#### Required action:
All that is wanted is the exact lines from the one with "Acer Aspire One532h-2B" through the last line of the entries, with both ends kept and every picture left out.

Image-text web data
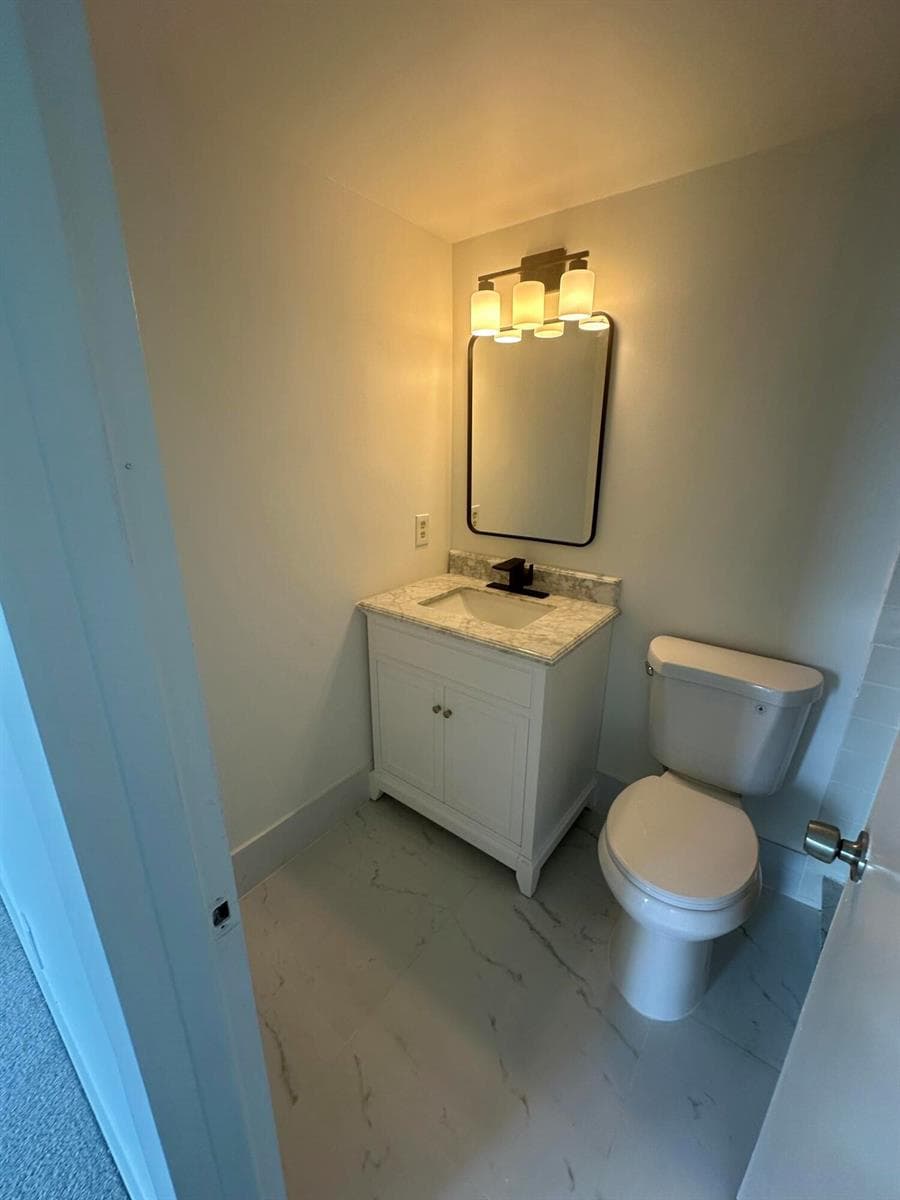 205 MANSFIELD Way E, Boca Raton, FL 33434 — zdjęcie 4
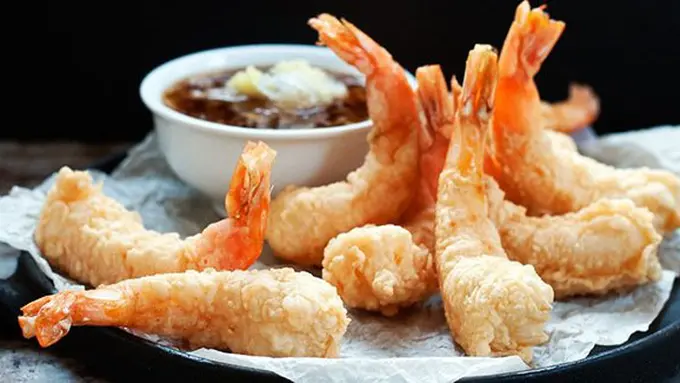 Copyright: andrewzimmern.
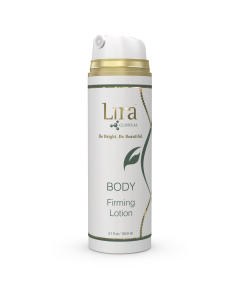 BODY Firming Lotion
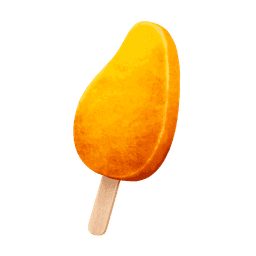 Sorbet Mango Passion 8st för 159kr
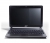  Acer Aspire One532h-2B
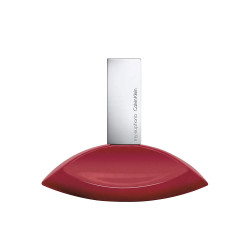 MY EUPHORIA edp vapo 30 ml by CALVIN KLEIN for Woman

#### Task answer:
  Acer Aspire One532h-2B
 MY EUPHORIA edp vapo 30 ml by CALVIN KLEIN for Woman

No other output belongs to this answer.